Infusing apps with generative AI
Finally, Red Hat announced a dedicated extension to its Podman Desktop developer experience, called Podman AI Lab, which allows developers to build, test and run generative AI-powered applications within containers on their personal computers and workstations.
Podman AI Lab is said to come with a recipe catalog that eases the process of creating generative AI apps, and includes templates for common use cases such as chatbots that can augment customer support and virtual assistants. Other templates include text summarizers for distilling large amounts of content, code generators to assist developers with application development, object detection capabilities for identifying and locating objects and persons within images and video frames, and audio-to-text transcription to immediately transcribe audio into text.

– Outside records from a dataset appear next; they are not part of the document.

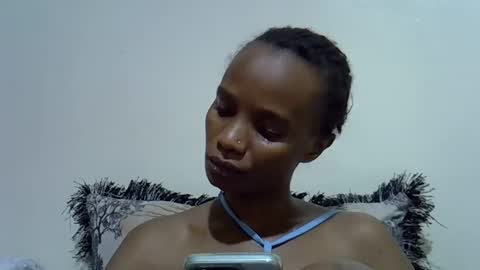 Snapshot of proccy_cute chatting on 10/19/25, 04:51 Princess online show from 10/19/25, 04:51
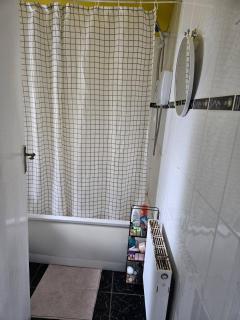 Cozy Room in Central Dublin with Garden Access - 4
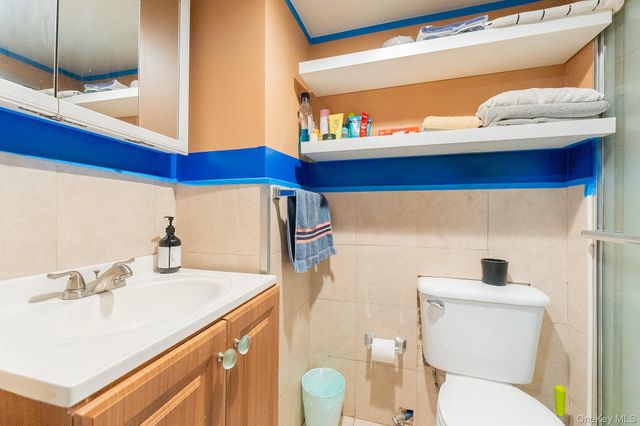 17 S 7th Avenue, Mount Vernon, NY 10550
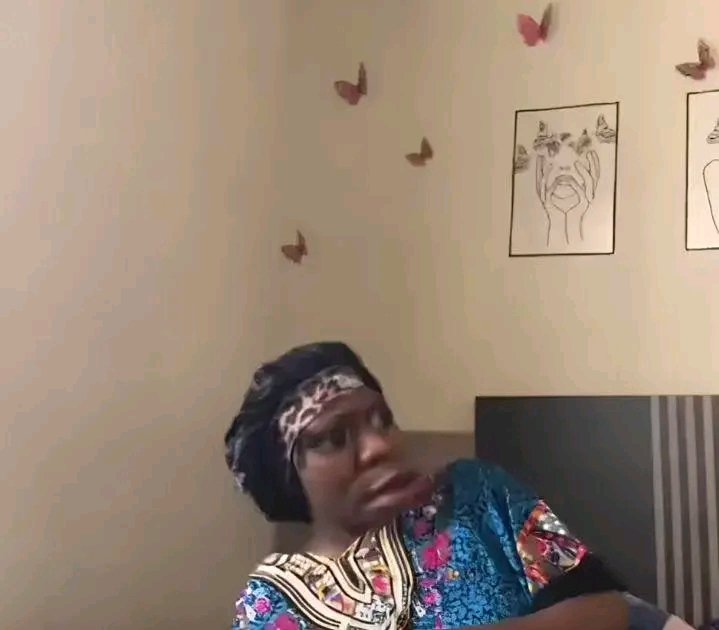 JahBlesssaint21's tweet photo. When you hear your loudest sibling suddenly using a bedroom voice while on a call. 🙄 https://t.co/2asFqhXTo0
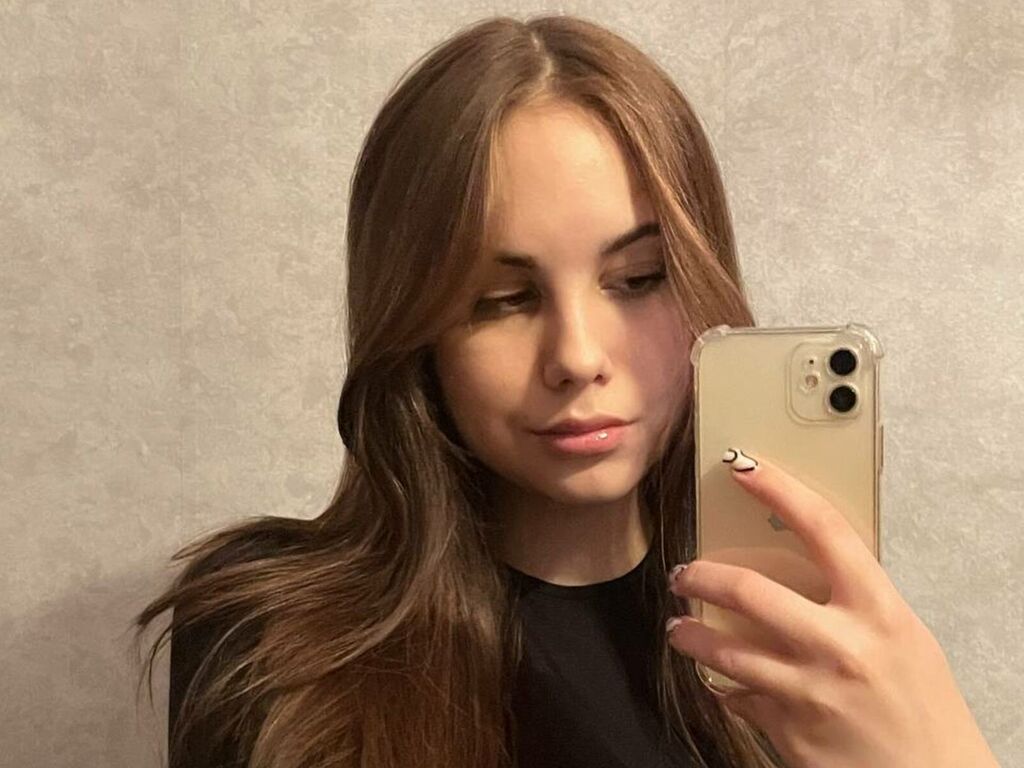 Earleneacey's profile - Image n°2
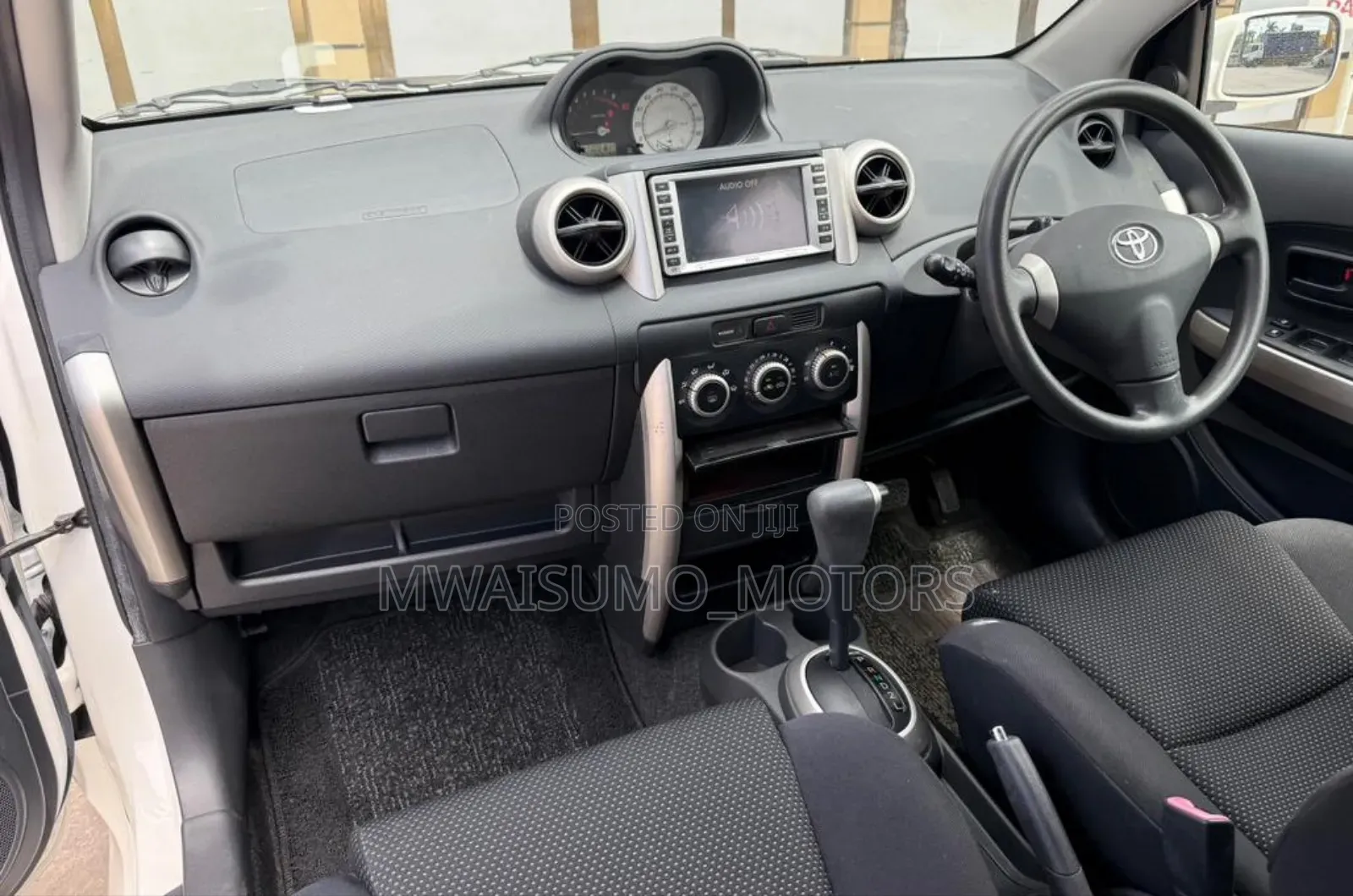 Toyota IST 2005 Off white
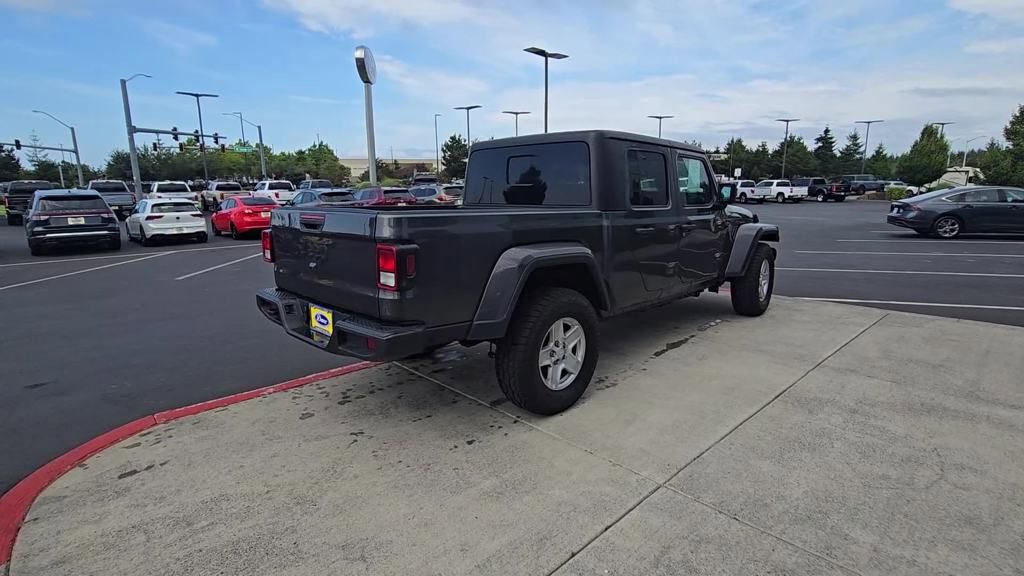 Used 2022 Jeep Gladiator Sport image 4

Sarwar Raza, Red Hat’s vice president and general manager of Application Developer Business Unit, said many traditional application developers have found that there’s a big learning curve when it comes to integrating generative AI. “Podman AI Lab enables them to use familiar tools and environments to apply AI models to their code and workflows in a safer and more security manner, without requiring costly infrastructure investments or extensive AI expertise,” he said.